Brutal death has changed India, but huge challenges remain
India is not the place it was on December 16 last year, when a gang raped a physiotherapy student on a New Delhi minibus, inflicting injuries so grievous that she died in a Singapore hospital two weeks later.

India is not the place it was on December 16 last year, when a gang raped a physiotherapy student on a New Delhi minibus, inflicting injuries so grievous that she died in a Singapore hospital two weeks later. The brutality of the crime shocked and enraged as no single violent act against a woman had before, prompting in a matter of months legal changes that rights groups had been advocating for decades. Expectations have also changed markedly in cities and among the educated, but while there has been an upsurge in cases reported, rape remains as prevalent as ever. That Indian men have generally not changed their attitudes and poorer women are still reluctant to speak out should not be surprising; educating on any matter, regardless of the importance, takes time.
A woman is raped in India every 20 minutes, just as on December 16, 2012. Many men, especially those from rural areas, continue to view women as being of a lower status, to be treated as subservient and abused if wishes are not followed. Women who are poorly educated, of a lower caste or in jobs that make them vulnerable are little affected by the shift. They have low expectations, hoping not to be killed for having an insufficient dowry, not to be beaten too badly, that they please their husband by giving birth to a son rather than a daughter.

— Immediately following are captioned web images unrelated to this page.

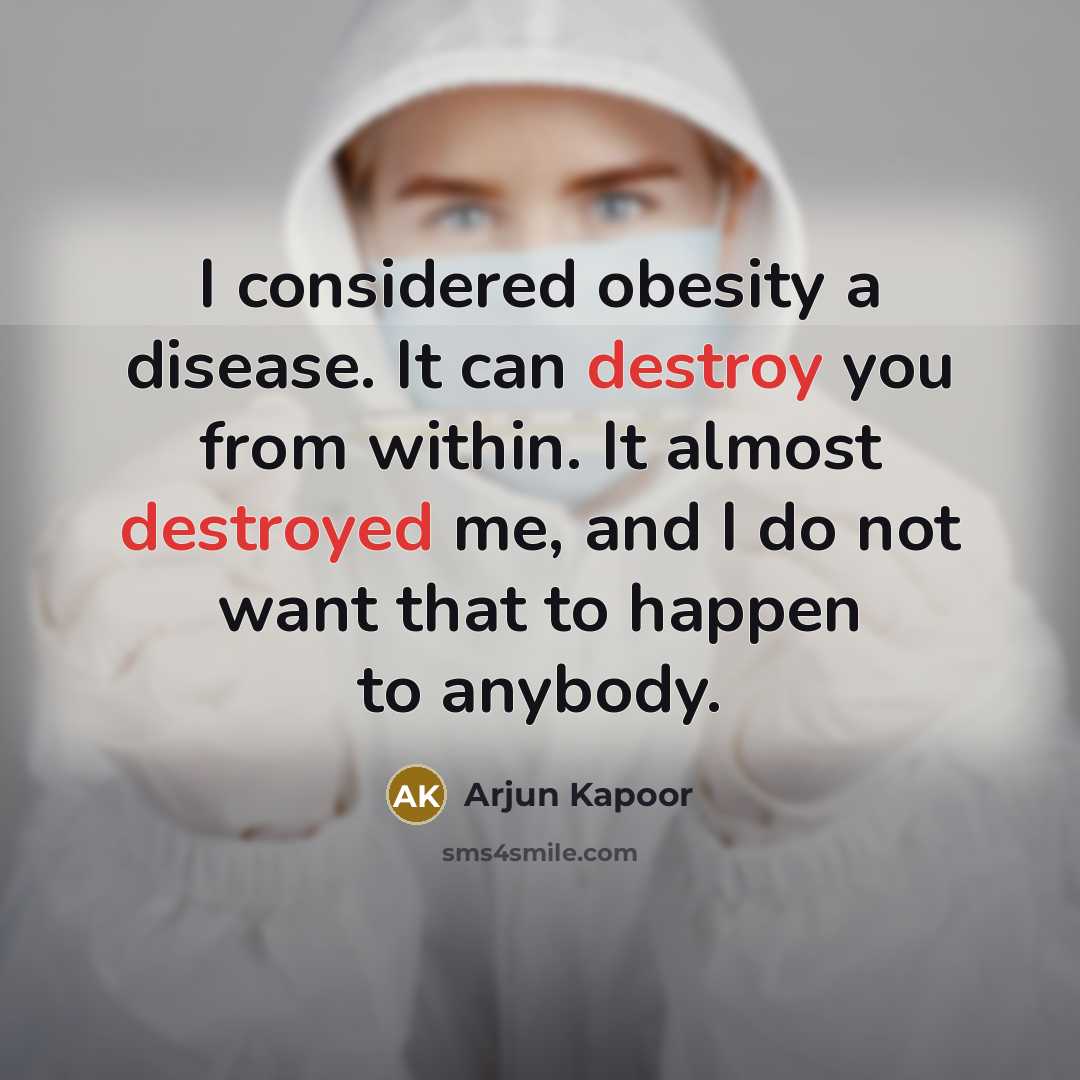 “I considered obesity a disease. It can destroy you from within. It almost destroyed me, and I do not want that to happen to anybody.” quote by Arjun Kapoor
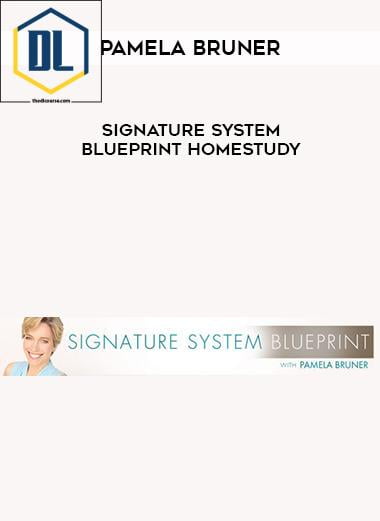 Pamela Bruner – Signature System Blueprint Homestudy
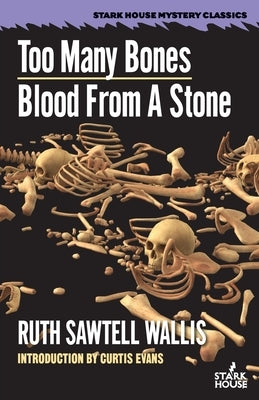 Too Many Bones / Blood From a Stone by Wallis, Ruth Sawtell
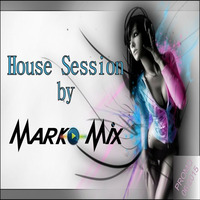 Marko Mix - House Session by Marko Mix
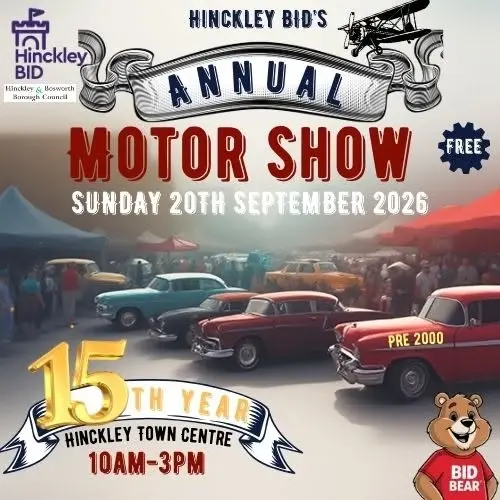 The 15th Anniversary of Hinckley BID's Motor Show, 2026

Attitudes change slowly in such a conservative society. The shift is more noticeable in cities, though. In New Delhi and other large population centres, there is now less reluctance on the part of victims of sexual assault to go to police; in the past year, reporting of rape in the notoriously unsafe capital has increased by 140 per cent and of harassment by 600 per cent. The high-profile cases of the editor-in-chief of India's leading investigative magazine being accused of sexual assault by a colleague and a similar claim by an intern against a retired supreme court judge keep the media spotlight on the issue.
It took the brutal death in New Delhi of an educated woman to stir change. But much work and effort by the government and society is needed before the shift affects all women equally. Deep bureaucratic and patriarchical challenges lie ahead.